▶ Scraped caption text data
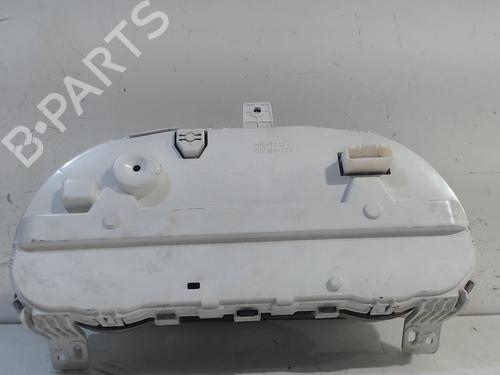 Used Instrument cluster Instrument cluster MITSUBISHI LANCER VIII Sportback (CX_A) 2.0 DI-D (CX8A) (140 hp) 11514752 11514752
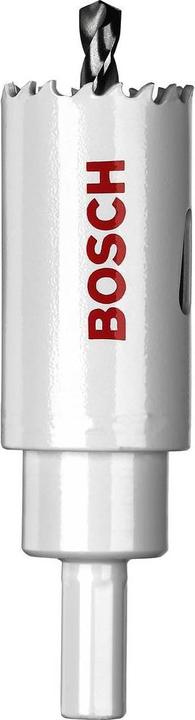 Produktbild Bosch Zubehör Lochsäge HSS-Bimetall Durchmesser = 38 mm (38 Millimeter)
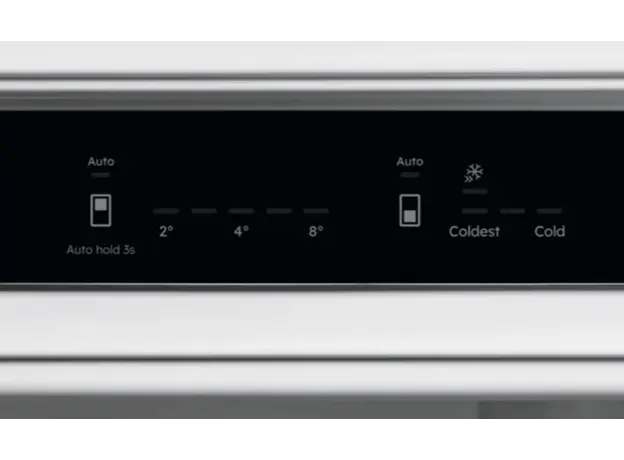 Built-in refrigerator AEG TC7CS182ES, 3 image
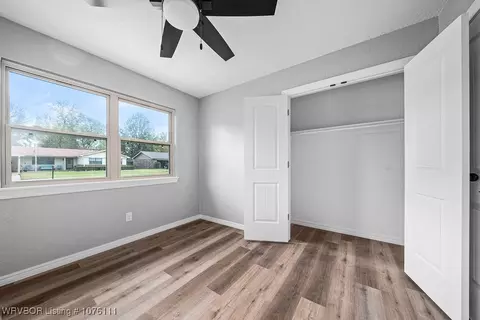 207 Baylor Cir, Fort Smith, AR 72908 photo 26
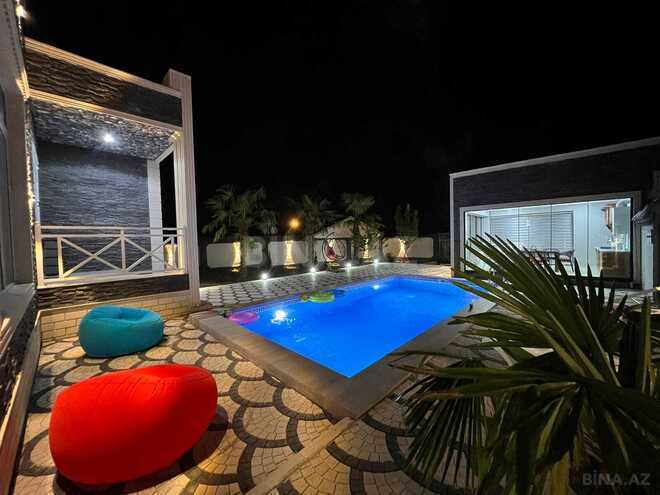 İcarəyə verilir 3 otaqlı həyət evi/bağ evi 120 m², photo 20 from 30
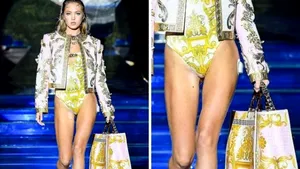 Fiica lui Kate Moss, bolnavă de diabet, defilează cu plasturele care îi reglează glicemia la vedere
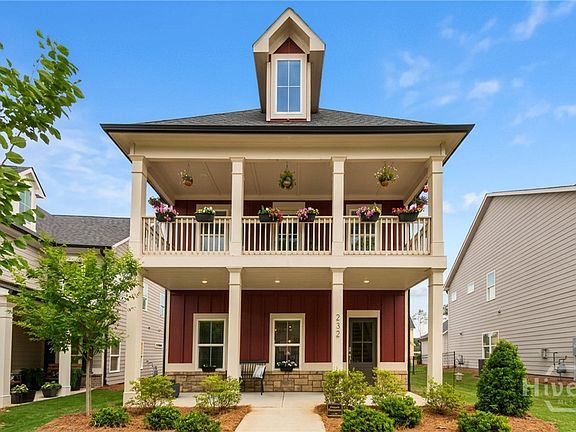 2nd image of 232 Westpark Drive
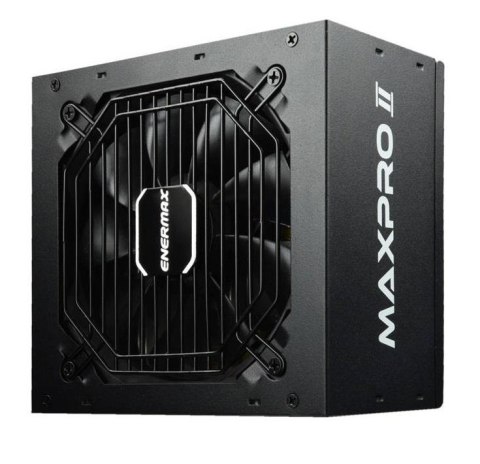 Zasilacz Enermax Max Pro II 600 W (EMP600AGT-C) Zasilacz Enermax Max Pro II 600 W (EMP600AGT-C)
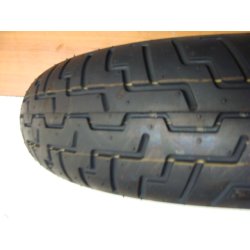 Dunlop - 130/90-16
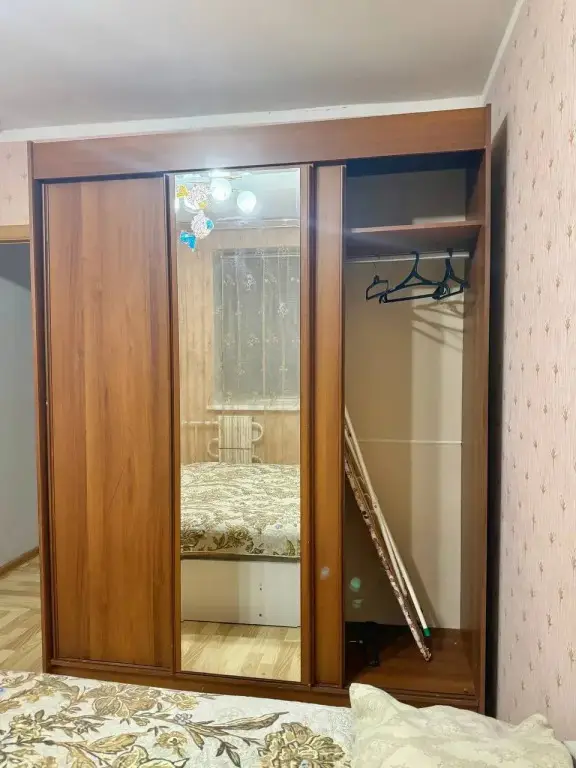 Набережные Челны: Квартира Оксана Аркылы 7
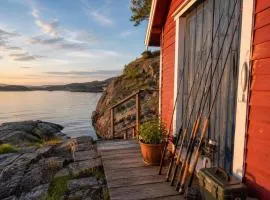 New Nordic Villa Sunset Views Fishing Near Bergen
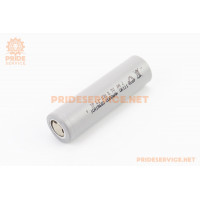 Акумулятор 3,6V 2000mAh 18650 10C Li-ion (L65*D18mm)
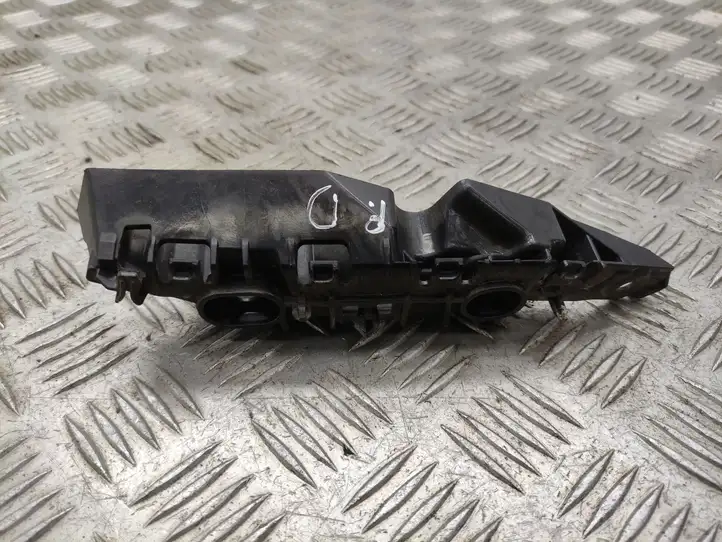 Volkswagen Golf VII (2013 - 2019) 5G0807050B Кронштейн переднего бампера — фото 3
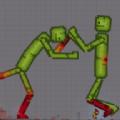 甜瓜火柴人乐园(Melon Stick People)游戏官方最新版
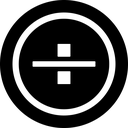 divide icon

▶ What to produce
Copy exactly, and only, the lines from the first entry through the line holding "İcarəyə verilir 3", both ends included, leaving out every picture.

▶ Response to this task
 Used Instrument cluster Instrument cluster MITSUBISHI LANCER VIII Sportback (CX_A) 2.0 DI-D (CX8A) (140 hp) 11514752 11514752
 Produktbild Bosch Zubehör Lochsäge HSS-Bimetall Durchmesser = 38 mm (38 Millimeter)
 Built-in refrigerator AEG TC7CS182ES, 3 image
 207 Baylor Cir, Fort Smith, AR 72908 photo 26
 İcarəyə verilir 3 otaqlı həyət evi/bağ evi 120 m², photo 20 from 30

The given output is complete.